Gli impianti completi sono costituiti, oltre che dalla parte elettrochimica (cella), da un sistema per la produzione dell’idrogeno, costituito da un reattore in cui avviene la conversione ossidante di idrocarburi (gas naturale, frazioni liquide petrolifere ecc.) in gas di sintesi, e da un sistema per la conversione della corrente continua, prodotta dalle celle, in corrente alternata. A causa dei fenomeni di polarizzazione, la trasformazione elettrochimica è accompagnata da produzione di energia termica che deve essere rimossa (poiché è necessario mantenere costante la temperatura di lavoro della cella) e che può trovare varie utilizzazioni (cogenerazione, produzione di energia elettrica mediante cicli termici convenzionali).

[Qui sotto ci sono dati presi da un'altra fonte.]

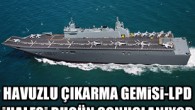 Havuzlu Çıkarma Gemisi (LPD) ihalesi bugün sonuçlanıyor Savunma Sanayi İcra Komitesi (SSİK) Başbakan Recep Tayyip Erdoğan Başkanlığı’nda, Milli Savunma Bakanı İsmet Yılmaz ve Genelkurmay Başkanı Org. Necdet Özel’in katılımıyla bugün toplanıyor. Başbakan Recep Tayyip Erdoğan’ın başkanlığında toplanacak Savunma Sanayi İcra […]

Le p. a combustibile vengono classificate sulla base dell’elettrolito impiegato; infatti, la natura dell’elettrolito comporta, oltre alle diverse specie di ioni che migrano all’interno della cella elementare, differenti caratteristiche di funzionamento per quanto riguarda la temperatura del processo, la struttura degli elettrodi e la composizione dei gas reagenti. I tipi di p. a combustibile di maggiore interesse sono: a elettrolito alcalino, a membrana polimerica, ad acido fosforico, a carbonati fusi e a ossidi solidi. I principali dati caratteristici sono riportati in tab.
Rispetto agli impianti che utilizzano cicli termici, gli impianti con p. a combustibile presentano rendimenti elettrici nettamente superiori (dal 40-48% per le p. ad acido fosforico al 60% per la p. a carbonati fusi); inoltre, hanno prestazioni praticamente indipendenti dalle variazioni del carico elettrico applicato e impatto ambientale estremamente ridotto.

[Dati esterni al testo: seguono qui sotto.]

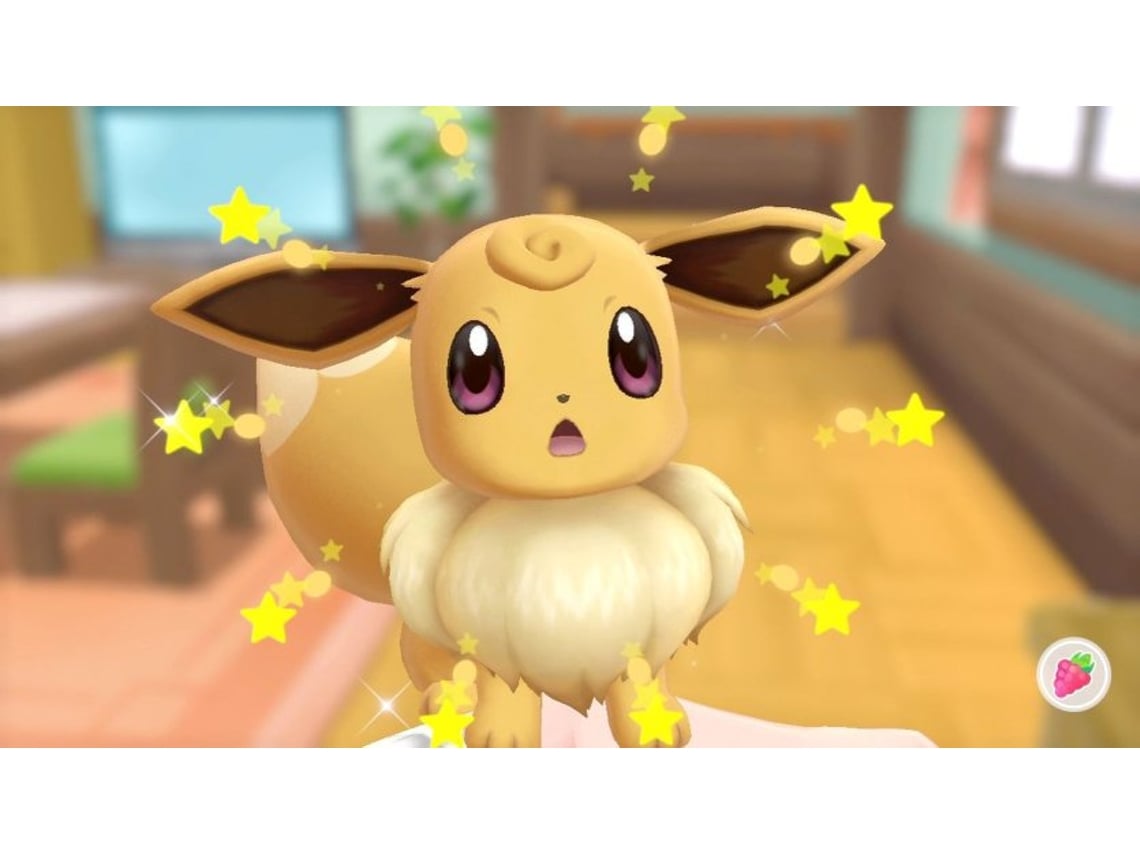 Pokémon Let's Go, Pikachu/Eevee! (Switch): como encontrar Shiny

Nelle costruzioni civili, struttura portante verticale che sorregge due arcate o travate contigue di un ponte, mediante la quale si trasmettono al terreno i carichi permanenti e quelli accidentali causati dal transito sul ponte. Le p., come elementi di sostegno di ponti, sono generalmente in muratura o in calcestruzzo, oppure, specialmente se di grande altezza, in cemento armato con strutture per lo più a traliccio o internamente cave; per ponti di acciaio e per grandi altezze, si costruiscono anche p. in acciaio a traliccio; in tal caso sono in genere incernierate agli estremi inferiore e superiore e sono dette stilate pendolari; per ponti provvisori o in zone ricche di legname da costruzione, le p. possono anche essere eseguite in legno; in tal caso sono dette palate o stilate.
P. spalla P. impiegate, soprattutto in passato, nei ponti e nei viadotti con rilevante numero di arcate, intercalate a p. normali, e capaci di sostenere da sole la spinta di una delle due arcate che gravano su di esse anche senza il contrasto dell’arcata contigua.